[Devel] Re: [patch 2/6] [Network namespace] Network device sharing by view

Mon Jun 26 06:02:03 PDT 2006

On Mon, Jun 26, 2006 at 01:47:11PM +0400, Andrey Savochkin wrote:
> Hi Daniel,
> 
> It's good that you kicked off network namespace discussion Although I.
> wish you'd Cc'ed someone at OpenVZ so I could notice it earlier :)   .

> Indeed, the first point to agree in this discussion is device list. 
> In your patch, you essentially introduce a data structure parallel
> to the main device list, creating a "view" of this list. 

> I see a fundamental problem with this approach. When a device presents
> an skb to the protocol layer, it needs to know to which namespace this
> skb belongs.

> Otherwise you would never get rid of problems with bind: what to do if
> device eth1 is visible in namespace1, namespace2, and root namespace,
> and each namespace has a socket bound to 0.0.0.0:80?

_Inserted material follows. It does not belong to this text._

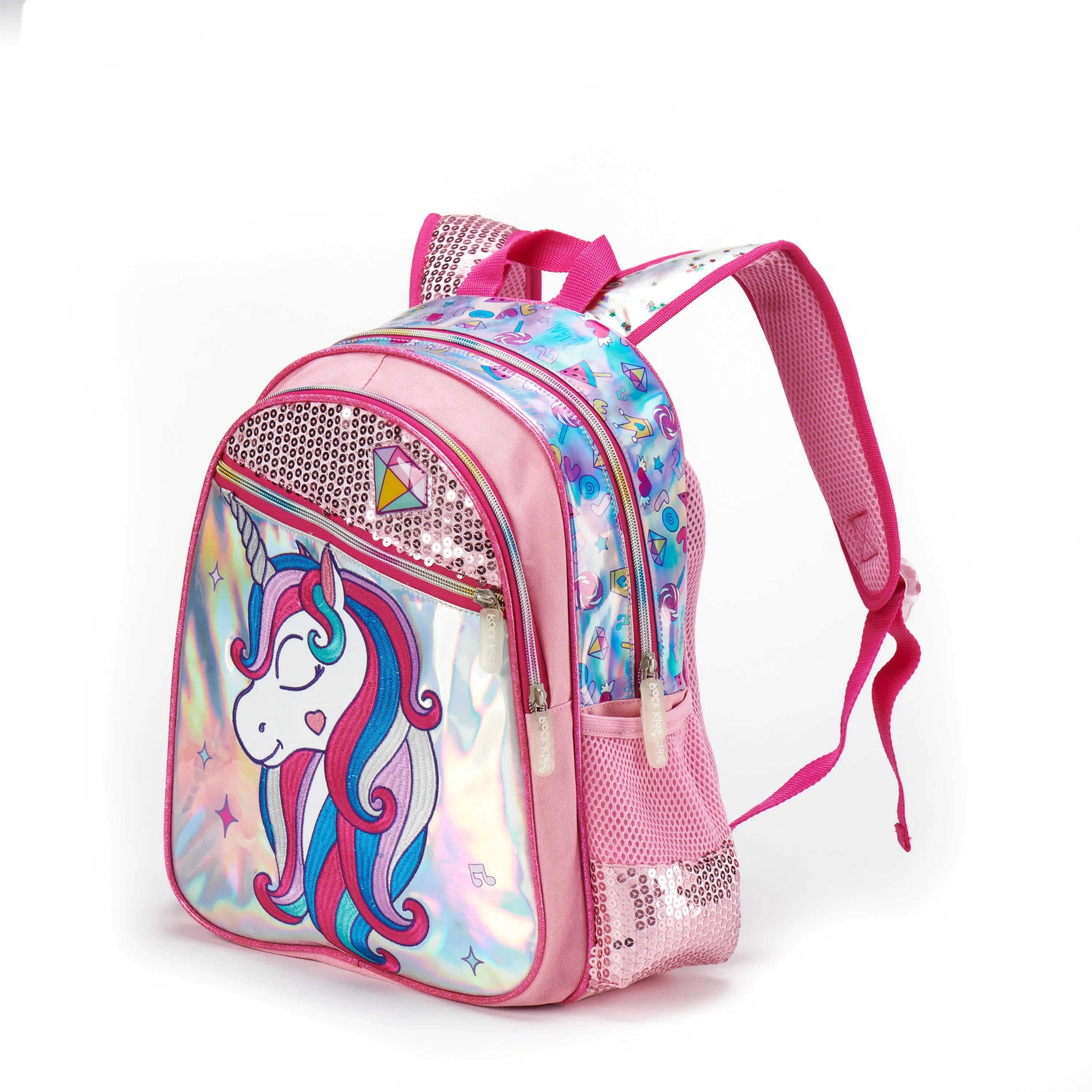 Newest custom backpack manufacturers  Promotion Kids Cute Waterproof Sequins Unicorn Primary School Bag Cartoon Children Girl Student Backpack Bag 1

this is something which isn't a fundamental problem at
all, and IMHO there are at least three options here
(probably more)

 - check at 'bind' time if the binding would overlap
   and give the 'proper' error (as it happens right
   now on the host)
   (this is how Linux-VServer currently handles the
   network isolation, and yes, it works quite fine :)

 - allow arbitrary binds and 'tag' the packets according
   to some 'host' policy (e.g. iptables or tc)
   (this is how the Linux-VServer ngnet was designed)

 - deliver packets to _all_ bound sockets/destinations
   (this is probably a more unusable but quite thinkable
   solution)

> We have to conclude that each device should be visible only in one
> namespace. 

I disagree here, especially some supervisor context or
the host context should be able to 'see' and probably
manipulate _all_ of the devices

> In this case, instead of introducing net_ns_dev and net_ns_dev_list
> structures, we can simply have a separate dev_base list head in each
> namespace. Moreover, separate device list in each namespace will be in
> line with making namespace isolation complete. 

> Complete isolation will allow each namespace to set up own tun/tap
> devices, have own routes, netfilter tables, and so on.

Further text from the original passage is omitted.